No recuerdo cuál fue el escritor que, consultado sobre la posibilidad de viajar a una ciudad prestigiosa, dijo: me gustaría mucho ir si es que esa noche pudiera estar durmiendo en mi casa. Es eso exactamente el punto crítico de los viajes al extranjero: tener que dormir en un lugar al que uno no pertenece. A mí me interesa Nueva York infinitamente, pero no quiero que se me haga tarde por allá.
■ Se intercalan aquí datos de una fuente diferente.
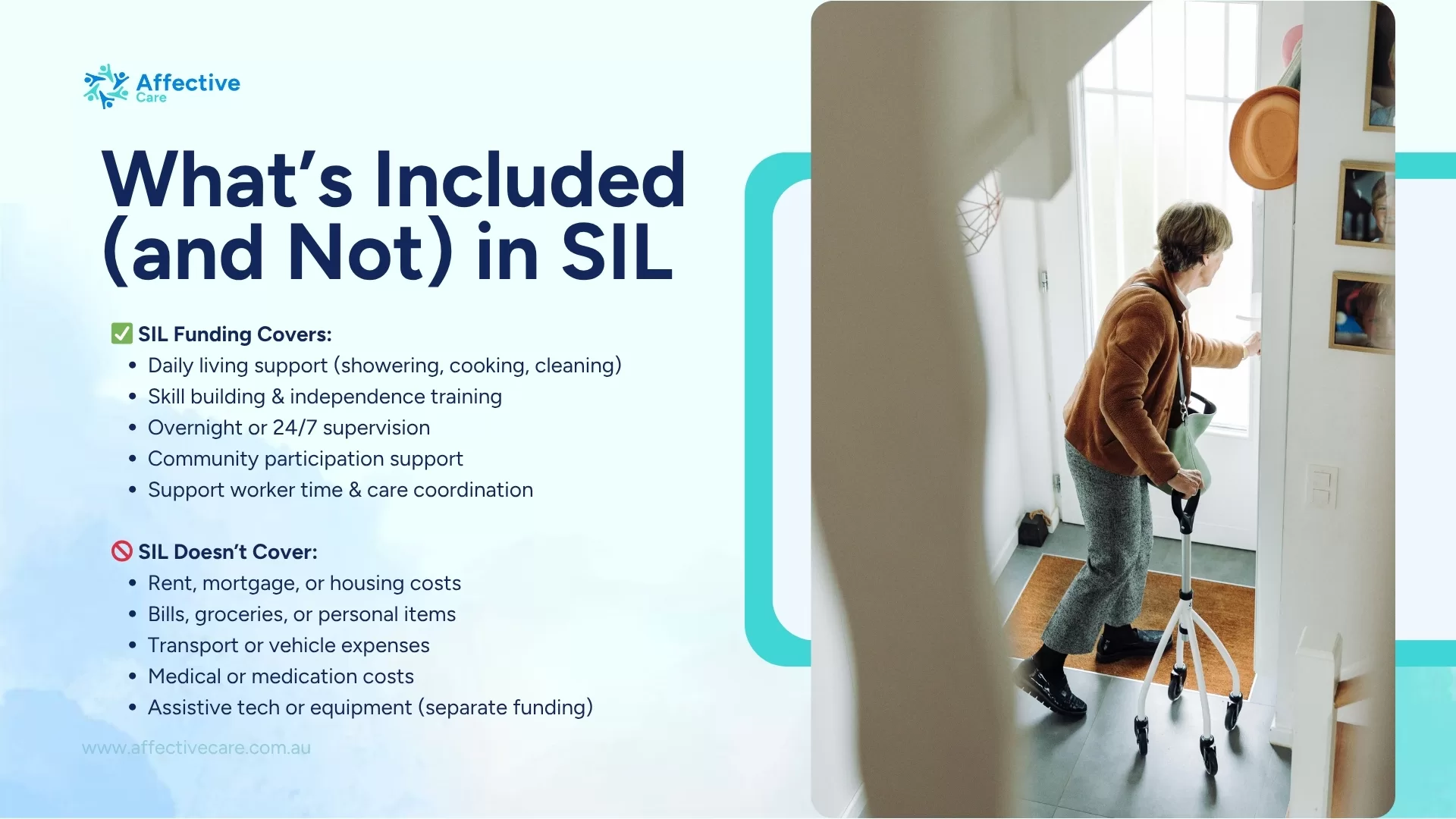 What's included and not included in SIL (Supported Independent Living)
Hablando con mi hijo mayor, que ha viajado mil veces más que yo, logré que me aclarara un aspecto importante de la vida anímica del viajero: me confesó que en hermosas y distantes ciudades había siempre para él un momento de desolación, aquel en el que vislumbraba a través de las ventanas de los departamentos la vida íntima de la gente local, aquello en relación a lo cual no había cabida. Era ahí cuando se sentía profundamente extranjero.